The Bock’s Office: ‘Into the Woods’ is happily ever after all over again

Courtesy Photo
If you go
“Into the Woods,” rated PG
Rating: 2.5 out of 4 stars
Running time: 124 minutes
Starring: Meryl Streep, Emily Blunt, James Corden and Anna Kendrick
Now playing at Wildhorse Stadium Cinemas.
No matter how many iterations of storybook characters come along, it’s hard not to identify with the ones you first heard as a child. Oh, wait, you say they sing in the fairy tale feature “Into the Woods?” Well, that changes everything!
If you go
“Into the Woods,” rated PG
Rating: 2.5 out of 4 stars
Running time: 124 minutes
Starring: Meryl Streep, Emily Blunt, James Corden and Anna Kendrick
Now playing at Wildhorse Stadium Cinemas.
Once upon a time in a faraway land lived a baker and his wife (James Corden, Emily Blunt), a couple whose sole desire is to start a family. Their wish has gone ungranted for years, but an encounter with the witch (Meryl Streep) in their village may change that.
The witch is willing to help them lift a longtime curse on their household, but if and only if they will reverse the circumstances that led to her becoming an ugly old crone, which involves gathering a few special items and crossing paths with a gullible boy (Daniel Huttlestone) reluctantly selling his cow, a thoughtless girl (Lilla Crawford) on her way to her grandmother’s house and a lonely maiden (Anna Kendrick) hoping to find a new life with a handsome prince (Chris Pine).

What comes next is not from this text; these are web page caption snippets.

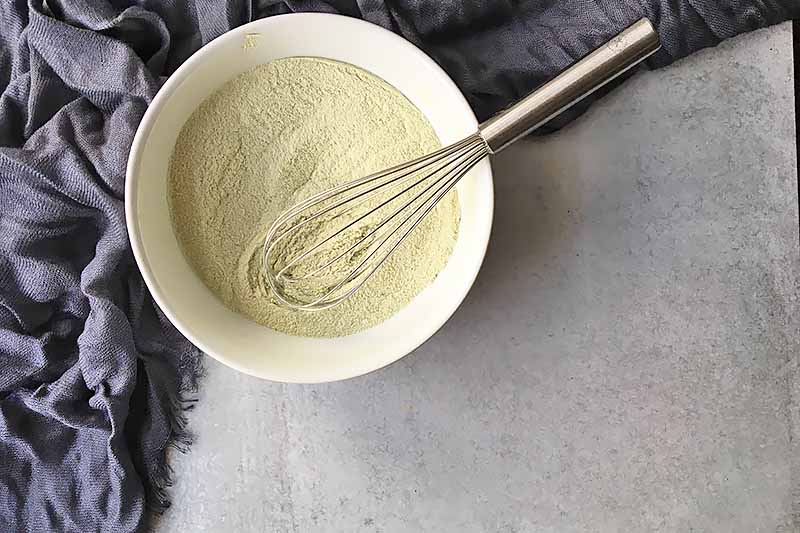 Horizontal image of a light green dry mixture in a white bowl stirred with a whisk.
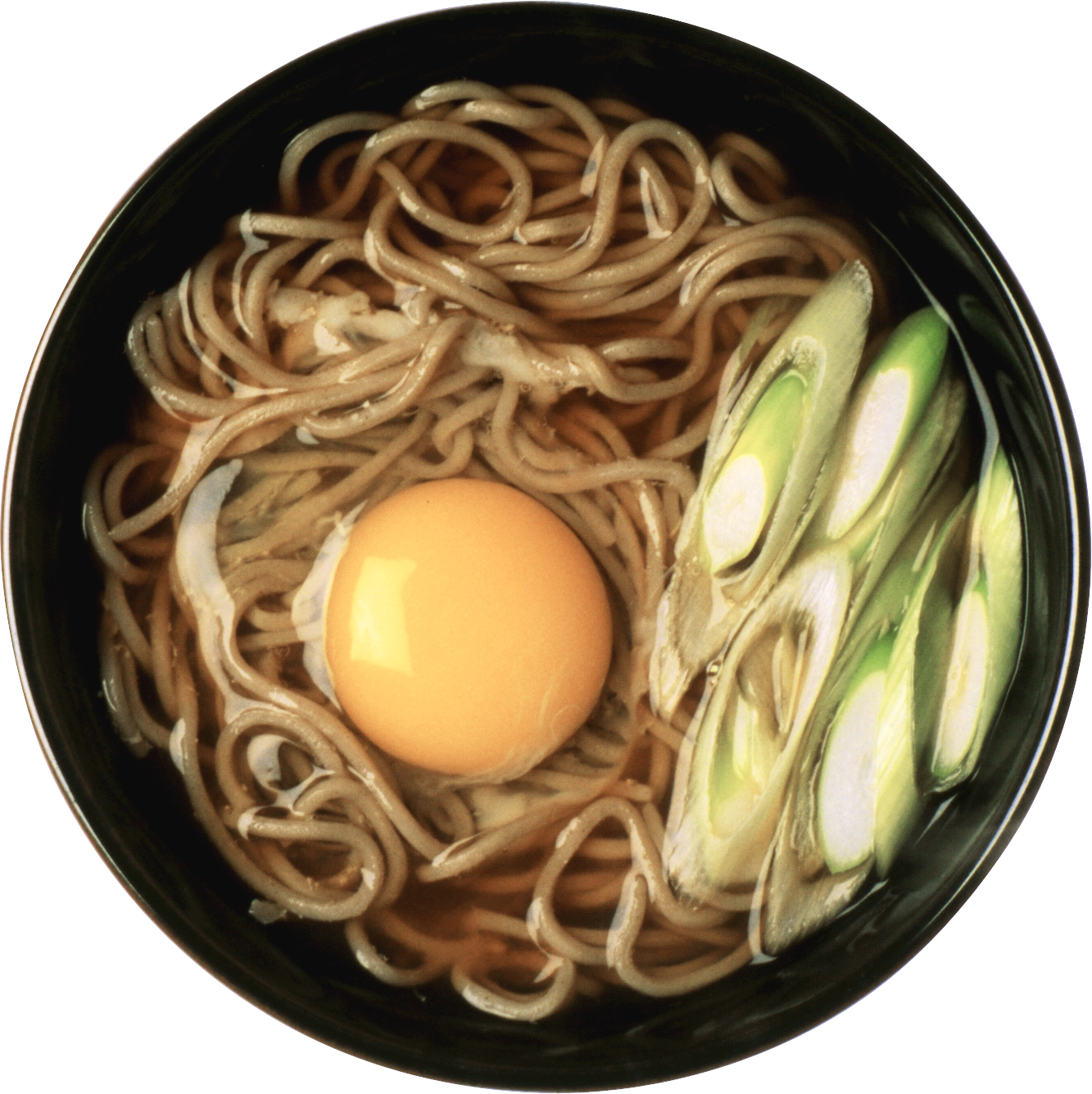 Soba Noodle Soup with Soft Boiled Egg and Seaweed in Black Bowl PNG Food Image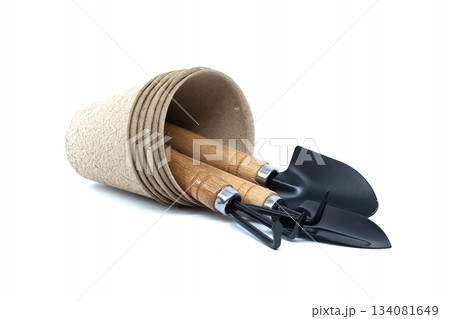 Gardening tools and pots arranged on a white background for planting 134081649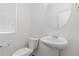 Clean and modern half-bathroom with a pedestal sink and natural light at 7596 Grady Cir, Castle Rock, CO 80108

With only three nights to fulfill the witch’s demands, baker and his wife must work quickly to set forth their “Happily ever after,” though there’s no guarantee it will last for them or anyone else.
Streep’s underutilized musical talents serve her far better here than they did in “Mamma Mia!” as the sharp-tongued enchantress who sets everything in motion from the moment she bursts in through her neighbors’ front door, some of her motives selfish and others more caring though always compelling from the finest actress in the business.
You may be hoping for a “Devil Wears Prada” reunion moment between her and one of her co-stars — no such luck — though Blunt is lovely as the woman desperate to have a child, even if it means stealing here and there. You know, just things people wouldn’t notice: a shoe, a bundle of hair, livestock …
Corden, the heir-apparent to Craig Ferguson’s “Late Late Show,” makes himself better known to American audiences in a fine fashion as a clod of a man just trying to do right by his wife, even though once he’s in the forest, he’s almost useless on his own.
As for the familiar fairy tale folks, Kendrick is as good as you’d expect as the unhappy servant girl to her abusive stepmother (Christine Baranski) and stepsisters (Lucy Punch, Tammy Blanchard). You know the one we mean, though why she flees repeatedly from the man she clearly loves remains a puzzle.
There’s a lot of young talent in Huttlestone and Crawford as Jack and Little Red Riding Hood, helped along in his case by Tracey Ullman as his demanding mother, but she has the unfortunate task of playing opposite a lupine, lip-smacking Johnny Depp.
Not that he does a bad job, but talk about making a classic character look like an altogether different kind of predator …
After years of failed attempts, the Broadway musical by Stephen Sondheim and James Lapine at last makes it to the screen more or less intact with memorable songs like “On the Steps of the Palace,” “Stay with Me,” “Agony” and the lengthy opening title tune among those that work well in another medium.
As for others — “Giants in the Sky,” “Your Fault” — it’s disappointing that in film format with so many chances to better edit compared to the spontaneity of the stage, the sound quality still gets so muddled. In that same line of thought, director Rob Marshall closes this world more than he opens it up, blowing a lot of opportunities to enhance an already beloved show with some greater visual effects.
The sheer number of alternative twists on fairy tales circulating today — from “Shrek” to the TV show “Once Upon a Time” — takes away some of the novelty that Sondheim and Lapine had in the 1980s, and having the Disney brand attached to it doesn’t help matters.
And, yes, this is the same studio that has yet another version of “Cinderella” set to debut in a few months.
The darker, Grimm-inspired moments of the story — trimmed by Lapine himself — still stand where they remain, and the loving touch the performers give to their parts almost distracts from certain glaring changes and the deeper themes that are barely addressed.
As in all his films, Marshall puts style over substance, making “Into the Woods” enjoyable albeit not terribly enriching. A better filmmaker might have been able to wave their magic wand and fix everything, but sometimes wishes don’t come true.